Deviations from those norms may indicate fraudsters at work, while consistency suggests low-risk interactions. Call centers notified that the customers contacting them have largely held to their known patterns can confidently bypass extra authentication steps, for example, enabling staff to provide more convenient experiences to low-risk users.

ML-enhanced solutions offer robust and rapid analysis to power these behavioral assessments. Cybersecurity professionals appear to value such tools, too, with more than half of 102 respondents in one recent survey noting that they currently use ML or artificial intelligence (AI) in their security approaches.

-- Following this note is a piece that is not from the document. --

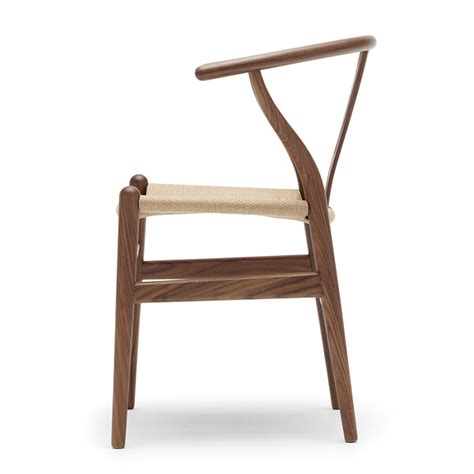 nystyleニイスタイル / CH24 Y-Chair（CH24 Y チェア ）/ Hans J. Wegner（ハンス・J・ウェグナー ...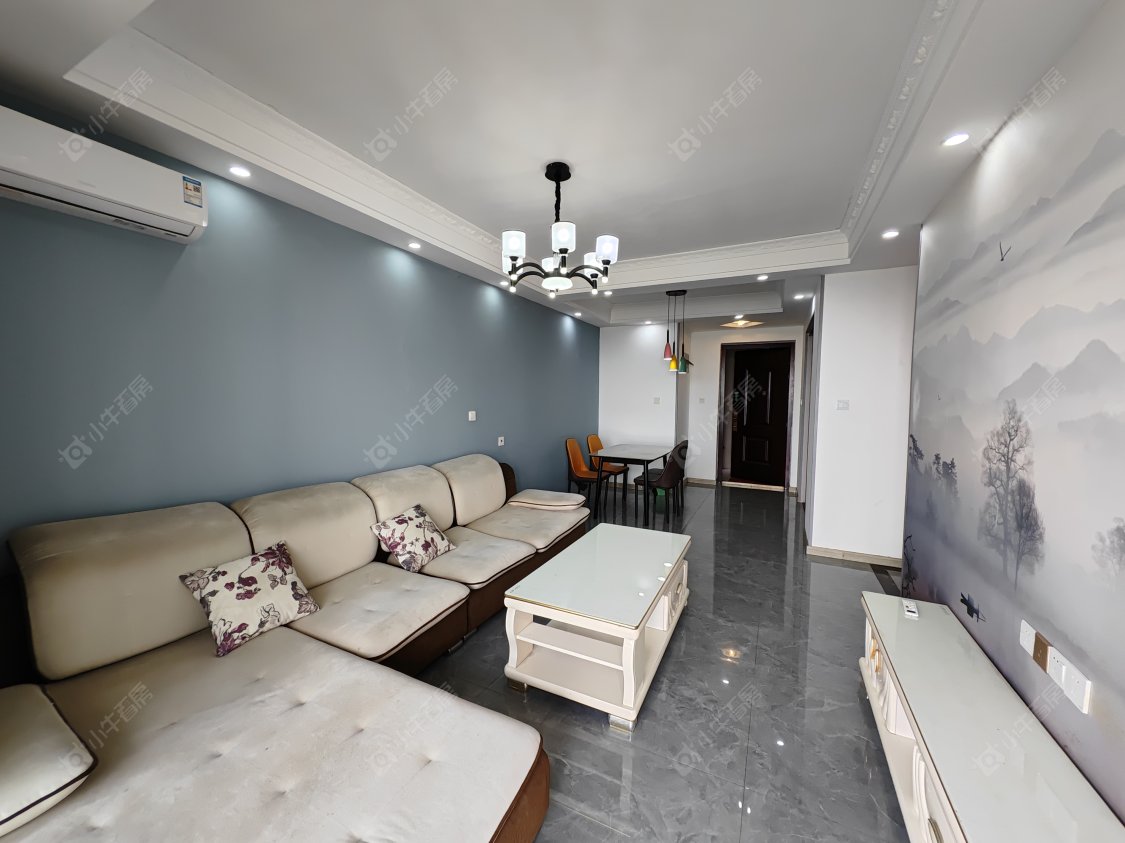 常州华盛品樾公馆在租房源_小牛看房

Intelligence gleaned from analyzing customers’ activities in each channel can be combined to provide more holistic user profiles, and centralized fraud management platforms can pull this information together. One FI reported that an omnichannel approach to assessing its riskiest digital transactions helped it detect attempted fraudulent logins 3.6 percent more often, for example, and identify 1 percent more fraudulent payment attempts overall.

FIs also use link analysis — which maps connections between account activities — to discover patterns between instances of suspicious behavior. Security teams use the technique to chart and connect customer behaviors and known fraud events, such as when customers direct purchases to shipping addresses that differ from those they typically use when purchasing online. Another red flag would occur when mobile commerce transactions are charged to payment cards that differ from those used when placing orders over the phone. Such behavioral changes could be innocuous but also might indicate criminals are sending items bought with stolen information to their own homes or using stolen cards to pay for their orders.

Viewing account holders’ activities across channels and being able to easily detect such patterns is therefore critical to revealing fraud schemes. Promptly noticing when many different customers’ accounts are logged into from the same device — which could demonstrate that a fraudster has taken over those accounts — enables FIs to act before victims and banks suffer deep losses, and stopping fraud quickly is crucial to maintaining customers’ trust and avoiding financial harm.

Omnichannel offerings’ convenience means consumers will become more interested in them over time, and they may want access to even more channels as voice assistants and other technologies gain popularity as banking methods. FIs cannot expect the fraud-fighting tools that worked in the past to keep these new models safe, though, and methods siloed by channel will leave them guessing about whether criminal schemes are underway. Cross-channel data sharing, behavioral analysis and pattern detection are thus proving key to enabling flexible, convenient omnichannel banking access.